Yale university researchers call for a more inclusive environmental justice movement for the LGBTQ+ community

According to research, discrimination within LGBTQ+ community research disproportionately at risk to environmental exposure. Researchers at Yale have been exploring how these challenges intersect with issues of public health.  

In a recent paper published in the American Journal of Public Health, Michelle Bell, Mary E. Pinchot Professor of Environmental Health at Yale, and Leo Goldsmith, who worked  in Bell’s lab while at YSE, examine the unequal environmental burden that the LGBTQ+ community faces and the ways in which the environmental justice movement can be more inclusive 

“The LGBTQ+ population is at more risk to environmental challenges because, just like many other marginalised populations, they face social, economic, and health inequities and disparities,” said Goldsmith.

“The resilience of LGBTQ+ populations can also be affected as they are less likely to be able to access necessary resources, aid, and health care due to structural policies.” 

According to research those part of the LGBTQ+ community are disproportionately affected by environmental exposures such as pollution and air quality.

Goldsmith reports that more than 1 in 3 LGBTQ+ Americans faced discrimination of some kind during 2020, including more than 3 in 5 transgender Americans. 

Drawing attention to a lack of research

According to the Yale research, this discrimination reduces capacity to respond to environmental harm. They also reveal that there has been a significant lack of research conducted into this connection.  

Finding the connection between environment and health inequalities in LGBTQ+ populations is a key area of research that needs to be explored, for the sake of public health in a changing climate.

There are key demographics that are disproportionately affected by climate change, the LGBTQ+ community being one of them as this research has shown, however other groups such as indigenous communities are also placed in increasing harm and there a number of studies to illustrate this.
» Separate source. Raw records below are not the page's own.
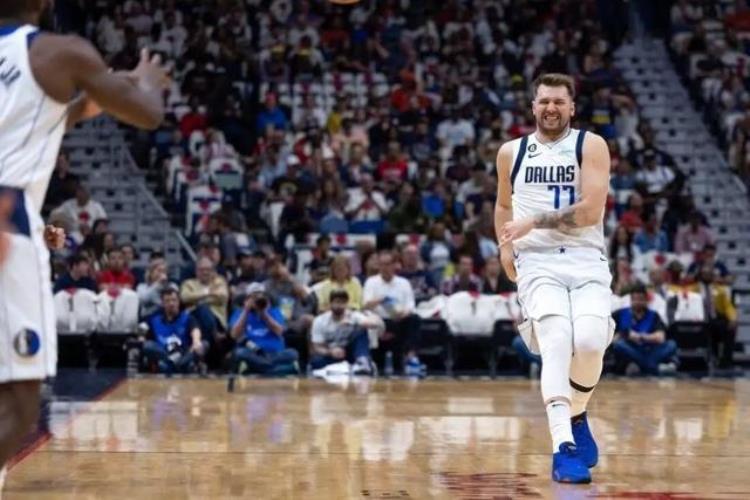 东契奇nba队「NBA突遭伤病潮袭击东契奇因伤退赛杜兰特或将常规赛报销」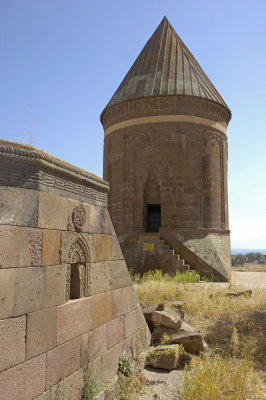 Ahlat 2006 09 0700.jpg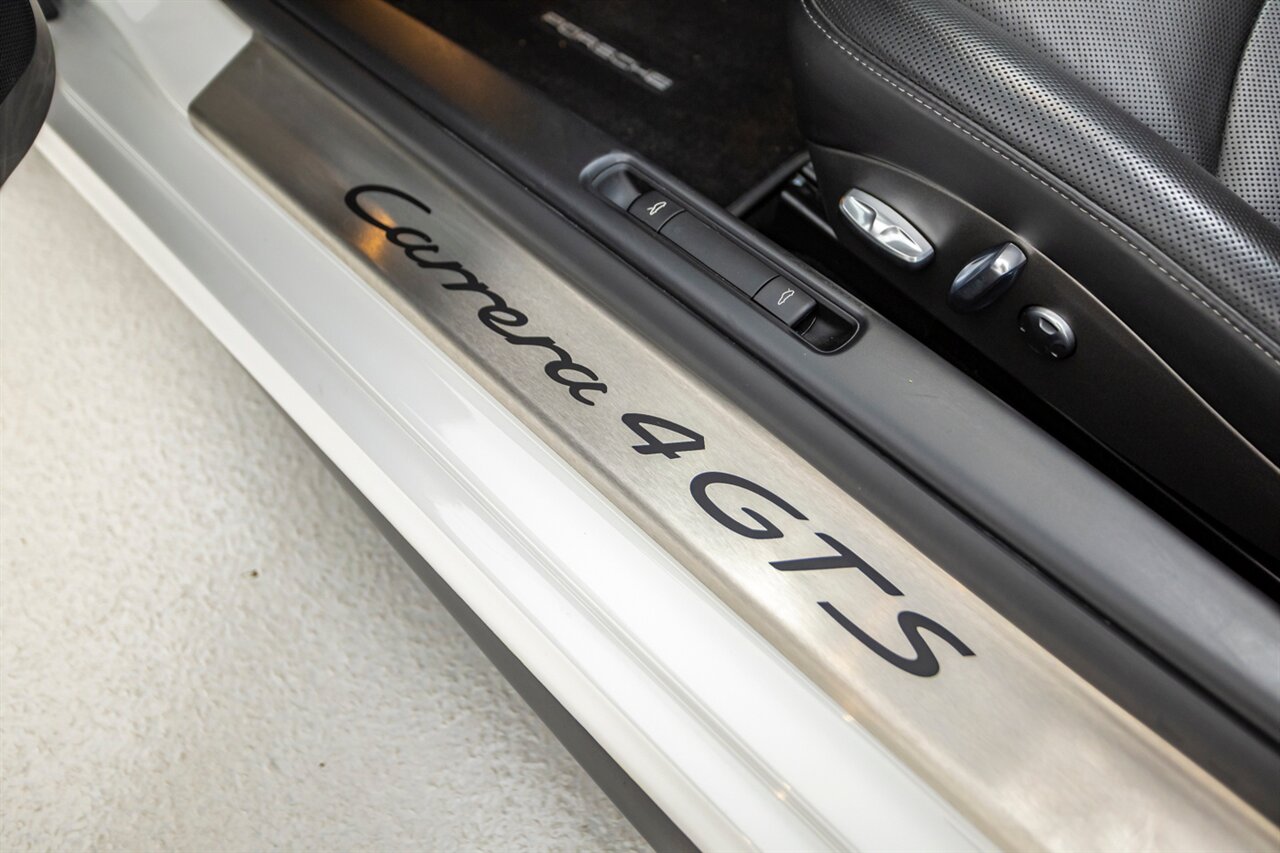 2012 Porsche 911 Carrera 4 GTS - Photo 51 - Springfield, MO 65802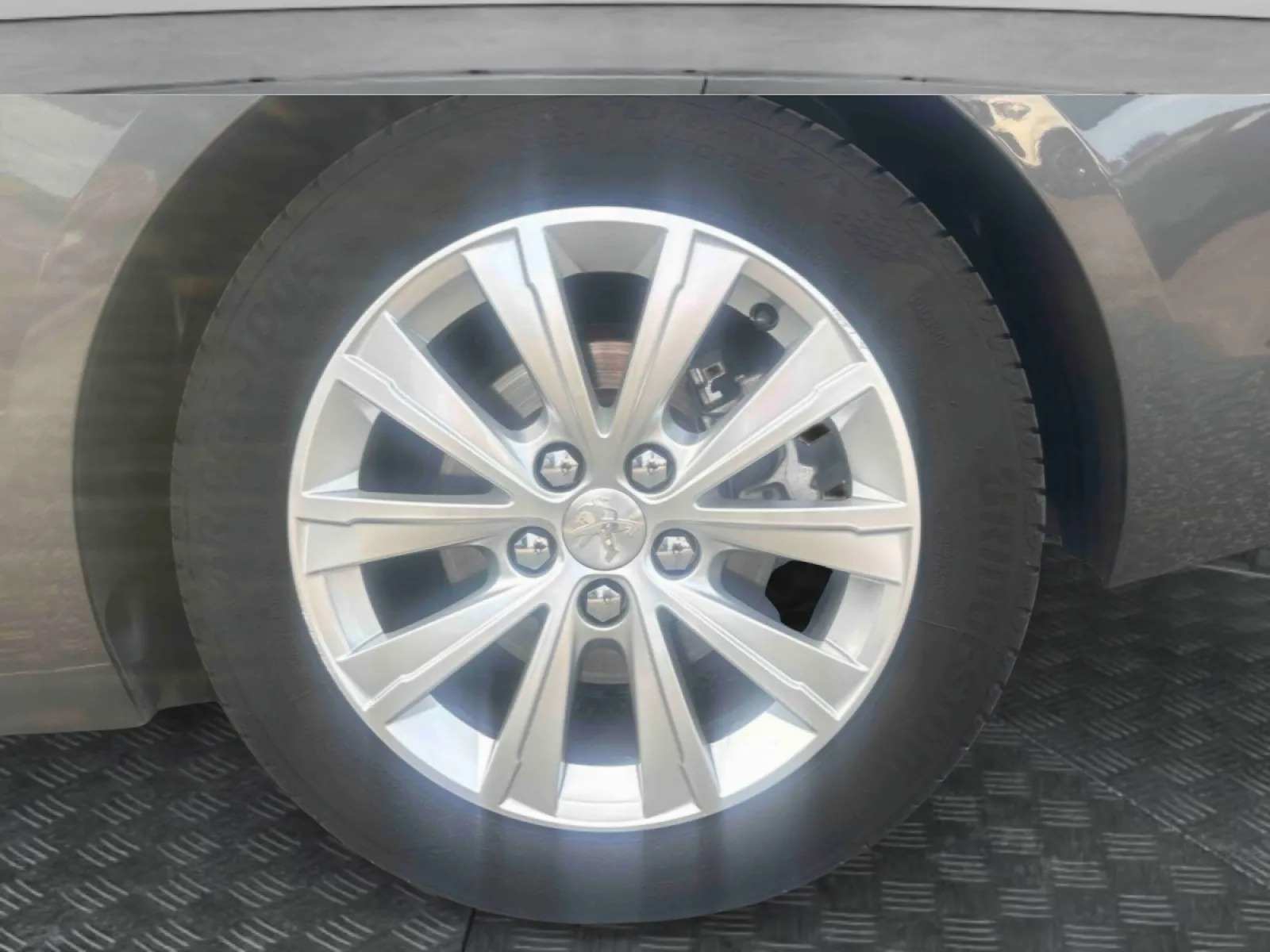 Acheter une peugeot 308 SW PureTech 110ch S&S BVM6 d’occasion avec 64850km disponible immédiatement - photo 15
Current analyses have suggested that all people are impacted equally by air pollution, but researchers at Carnegie Mellon University (CMU) and the Environmental Defense Fund, found that older Black and Hispanic people are a lot more likely to die prematurely due to air pollution exposure and estimates the mortality impacts of air pollution across different races and ethnicities.

This paper outlines specific recommendations, such as: implementation of a system to collect sexual orientation and gender identity data nationally and locally; anti-discriminatory policies within health care and the federal government.

There has been a start to addressing LGBTQ+ issues within the environmental justice movement with an intersectional environmental justice social media campaign meant to educate those on the issue,” said Goldsmith, who is Latinx and identifies as queer and transgender.

“However, LGBTQ+ populations need to become a focal point of the environmental justice movement and academics to fully capture the impact from environmental injustices and the needs of those who are Black, Latinx, indigenous, low-income, and/or identify as LGBTQ+.”